◆ Your instructions
Your answer should be the full set of records, printed exactly as they stand.

Brief descriptive captions
*** Begin section ***
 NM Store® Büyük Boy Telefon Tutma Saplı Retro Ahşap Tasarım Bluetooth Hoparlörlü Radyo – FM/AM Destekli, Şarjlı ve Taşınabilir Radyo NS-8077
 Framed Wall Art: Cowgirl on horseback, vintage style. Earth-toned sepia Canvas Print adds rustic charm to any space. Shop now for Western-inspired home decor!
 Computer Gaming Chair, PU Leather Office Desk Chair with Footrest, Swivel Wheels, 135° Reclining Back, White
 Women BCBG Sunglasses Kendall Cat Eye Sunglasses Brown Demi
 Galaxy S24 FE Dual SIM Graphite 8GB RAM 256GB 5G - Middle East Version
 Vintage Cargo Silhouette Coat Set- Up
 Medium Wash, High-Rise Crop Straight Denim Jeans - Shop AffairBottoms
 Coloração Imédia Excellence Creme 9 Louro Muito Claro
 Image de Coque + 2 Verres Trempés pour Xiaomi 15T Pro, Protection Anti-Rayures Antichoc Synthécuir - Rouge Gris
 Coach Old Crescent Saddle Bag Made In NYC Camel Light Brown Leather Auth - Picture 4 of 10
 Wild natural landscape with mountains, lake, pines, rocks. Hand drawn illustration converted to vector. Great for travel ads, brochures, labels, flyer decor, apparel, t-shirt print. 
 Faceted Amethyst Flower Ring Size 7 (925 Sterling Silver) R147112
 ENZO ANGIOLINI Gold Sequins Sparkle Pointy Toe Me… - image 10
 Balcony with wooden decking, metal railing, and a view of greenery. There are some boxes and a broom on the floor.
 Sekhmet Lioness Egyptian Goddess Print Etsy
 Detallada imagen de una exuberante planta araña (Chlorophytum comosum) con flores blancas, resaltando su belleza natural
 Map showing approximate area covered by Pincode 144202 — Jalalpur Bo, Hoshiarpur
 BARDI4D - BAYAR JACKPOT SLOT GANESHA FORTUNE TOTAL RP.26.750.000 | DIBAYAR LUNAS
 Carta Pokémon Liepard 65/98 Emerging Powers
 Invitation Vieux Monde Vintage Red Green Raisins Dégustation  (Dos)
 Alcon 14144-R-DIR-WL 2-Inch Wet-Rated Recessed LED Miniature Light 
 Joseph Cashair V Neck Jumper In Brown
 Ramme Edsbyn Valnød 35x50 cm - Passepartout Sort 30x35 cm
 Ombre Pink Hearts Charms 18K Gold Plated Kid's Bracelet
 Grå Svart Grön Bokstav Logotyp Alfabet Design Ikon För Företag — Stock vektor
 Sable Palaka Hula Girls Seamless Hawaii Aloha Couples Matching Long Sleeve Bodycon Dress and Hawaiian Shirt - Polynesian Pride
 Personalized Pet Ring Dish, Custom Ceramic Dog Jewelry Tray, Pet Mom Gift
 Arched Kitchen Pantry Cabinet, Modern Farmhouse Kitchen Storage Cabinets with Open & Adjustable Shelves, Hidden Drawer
*** End section ***
◆ Result
 NM Store® Büyük Boy Telefon Tutma Saplı Retro Ahşap Tasarım Bluetooth Hoparlörlü Radyo – FM/AM Destekli, Şarjlı ve Taşınabilir Radyo NS-8077
 Framed Wall Art: Cowgirl on horseback, vintage style. Earth-toned sepia Canvas Print adds rustic charm to any space. Shop now for Western-inspired home decor!
 Computer Gaming Chair, PU Leather Office Desk Chair with Footrest, Swivel Wheels, 135° Reclining Back, White
 Women BCBG Sunglasses Kendall Cat Eye Sunglasses Brown Demi
 Galaxy S24 FE Dual SIM Graphite 8GB RAM 256GB 5G - Middle East Version
 Vintage Cargo Silhouette Coat Set- Up
 Medium Wash, High-Rise Crop Straight Denim Jeans - Shop AffairBottoms
 Coloração Imédia Excellence Creme 9 Louro Muito Claro
 Image de Coque + 2 Verres Trempés pour Xiaomi 15T Pro, Protection Anti-Rayures Antichoc Synthécuir - Rouge Gris
 Coach Old Crescent Saddle Bag Made In NYC Camel Light Brown Leather Auth - Picture 4 of 10
 Wild natural landscape with mountains, lake, pines, rocks. Hand drawn illustration converted to vector. Great for travel ads, brochures, labels, flyer decor, apparel, t-shirt print. 
 Faceted Amethyst Flower Ring Size 7 (925 Sterling Silver) R147112
 ENZO ANGIOLINI Gold Sequins Sparkle Pointy Toe Me… - image 10
 Balcony with wooden decking, metal railing, and a view of greenery. There are some boxes and a broom on the floor.
 Sekhmet Lioness Egyptian Goddess Print Etsy
 Detallada imagen de una exuberante planta araña (Chlorophytum comosum) con flores blancas, resaltando su belleza natural
 Map showing approximate area covered by Pincode 144202 — Jalalpur Bo, Hoshiarpur
 BARDI4D - BAYAR JACKPOT SLOT GANESHA FORTUNE TOTAL RP.26.750.000 | DIBAYAR LUNAS
 Carta Pokémon Liepard 65/98 Emerging Powers
 Invitation Vieux Monde Vintage Red Green Raisins Dégustation  (Dos)
 Alcon 14144-R-DIR-WL 2-Inch Wet-Rated Recessed LED Miniature Light 
 Joseph Cashair V Neck Jumper In Brown
 Ramme Edsbyn Valnød 35x50 cm - Passepartout Sort 30x35 cm
 Ombre Pink Hearts Charms 18K Gold Plated Kid's Bracelet
 Grå Svart Grön Bokstav Logotyp Alfabet Design Ikon För Företag — Stock vektor
 Sable Palaka Hula Girls Seamless Hawaii Aloha Couples Matching Long Sleeve Bodycon Dress and Hawaiian Shirt - Polynesian Pride
 Personalized Pet Ring Dish, Custom Ceramic Dog Jewelry Tray, Pet Mom Gift
 Arched Kitchen Pantry Cabinet, Modern Farmhouse Kitchen Storage Cabinets with Open & Adjustable Shelves, Hidden Drawer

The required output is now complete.